EXERCISE OBJECTIVE:
Can you find the lines of the listing that include "with" and copy every one?

SUPPLIED MATERIAL:

_ _ _ _

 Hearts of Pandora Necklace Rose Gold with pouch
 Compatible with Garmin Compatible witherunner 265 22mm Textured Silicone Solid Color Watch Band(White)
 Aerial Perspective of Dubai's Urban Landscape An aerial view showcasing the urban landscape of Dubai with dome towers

_ _ _ _

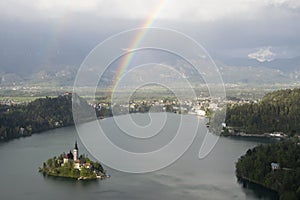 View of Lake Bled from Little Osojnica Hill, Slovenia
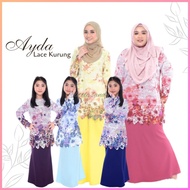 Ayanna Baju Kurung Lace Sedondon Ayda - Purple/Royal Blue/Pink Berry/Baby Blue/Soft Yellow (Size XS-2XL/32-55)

_ _ _ _

SOLUTION TO THIS EXERCISE:
 Hearts of Pandora Necklace Rose Gold with pouch
 Compatible with Garmin Compatible witherunner 265 22mm Textured Silicone Solid Color Watch Band(White)
 Aerial Perspective of Dubai's Urban Landscape An aerial view showcasing the urban landscape of Dubai with dome towers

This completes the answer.